Its maker, Piaggio Group, announced the museum project at a ceremony held at its plant near Pisa on Thursday.
The museum, which will open in a year's time, will house Piaggio's entire collection of the two-wheeler, including the first model, the Vespa 98, which careened down streets at 60km an hour.
Its latest three versions, the GTV, LXV, and GT60, revert to the original design. However, their engines are stronger and they pollute less.
The GT60, which pays homage to the first model, the Vespa 98 from 1946, is a limited series, with Piaggio making only 999 of them.
An affordable and sturdy means of transport for Italians recovering from the second world war, the Vespa was immortalised in 1953 when it carried Audrey Hepburn and Gregory Peck around the eternal city in the film Roman Holiday.

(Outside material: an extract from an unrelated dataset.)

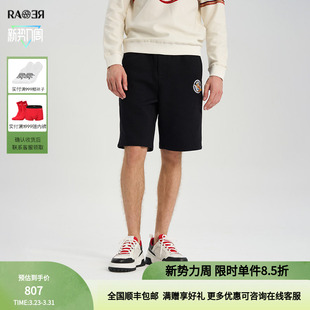 侧缝赛车主题织带男黑色休闲短裤 五分裤 夏季 RARE威雅男裤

The Vespa became an international phenomenon, with lovers of its design and practicality joining clubs and becoming collectors.
Vespas have been sold in many
designs to attract young buyers
Demand was so strong that it only took 10 years for the one millionth Vespa to be sold in 1956.
At present, Piaggio estimates nearly 17 million Vespas have been sold since the first model rolled out of the factory.
Designed by aeronautical engineer Corradino D'Ascanio, it was called the Vespa, (wasp in Italian) for the buzzing sound of its small engine and its unusual looks.